A balance sheet total of CHF 4668 million
The balance sheet total stood at CHF 4668 million at the end of 2002, a CHF 429 million increase on the prior-year figure. Fixed assets accounted for 54.9 per cent of total assets. The aircraft fleet is the biggest single tem here, with a current balance-sheet value of CHF 2066 million. Cash, fixed- term deposits and securities amounted to CHF 1256 million at year-end. Shareholders’ equity stood at CHF 1709 million following the loss sustained for the year, giving an equity ratio of 36.6 per cent.

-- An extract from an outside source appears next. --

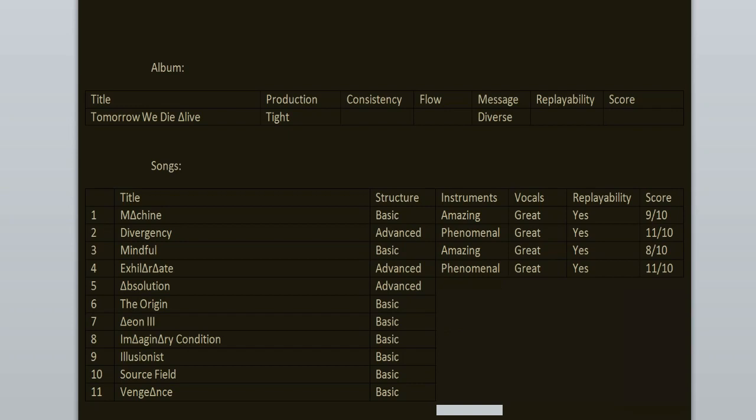Absolution. Now this one continues that melodic vibe but it's not as good as the previous track. I still enjoy the chorus, the vocals, the singing. It slaps. 9 out of 10.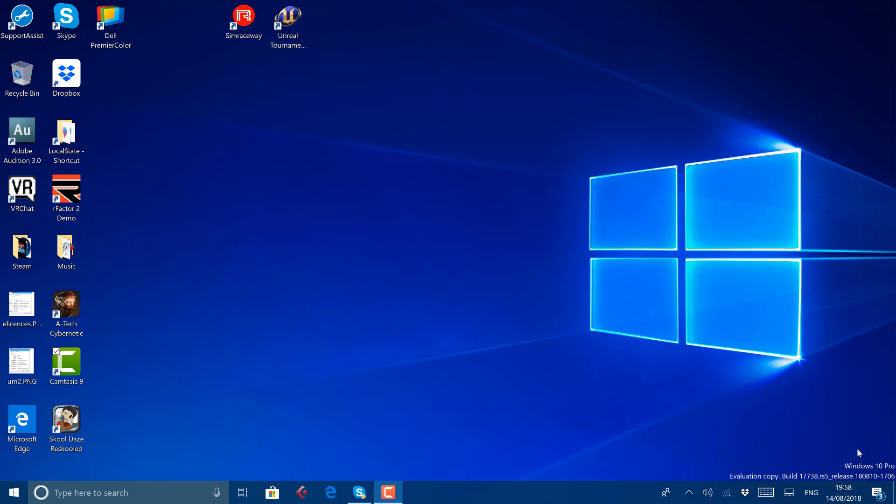Very close to the end of development for Windows 10 Redstone 5, so there are no feature changes in this build at all. So there's nothing new for me to show you. There are a lot of improvements and fixes.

In view of the difficult economic situation (especially in Europe) and the current geopolitical uncertainties, which, by their very nature, tend to have a strong effect on people’s travel behaviour, demand for air services is expected to be modest at best in 2003. Revenues are also likely to suffer from lingering global overcapacity – large parts of many airlines’ fleets have been mothballed but could be returned to traffic all too easily – and from fierce pricing competition among air carriers. Higher fuel prices also pose a substantial threat. SWISS will be exercising strict cost management in 2003 – an essential activity in today’s tough air transport marketplace. Programs to this end have already been launched, and the first effects have already been felt.

In view of the economy’s continuing poor health and the fundamental crisis that is currently afflicting the air transport sector all over the world, our objective of achieving a breakeven result for 2003 cannot be maintained. With the revenue situation uncertain in the extreme, it is currently impossible to make any firm prediction of results for the year.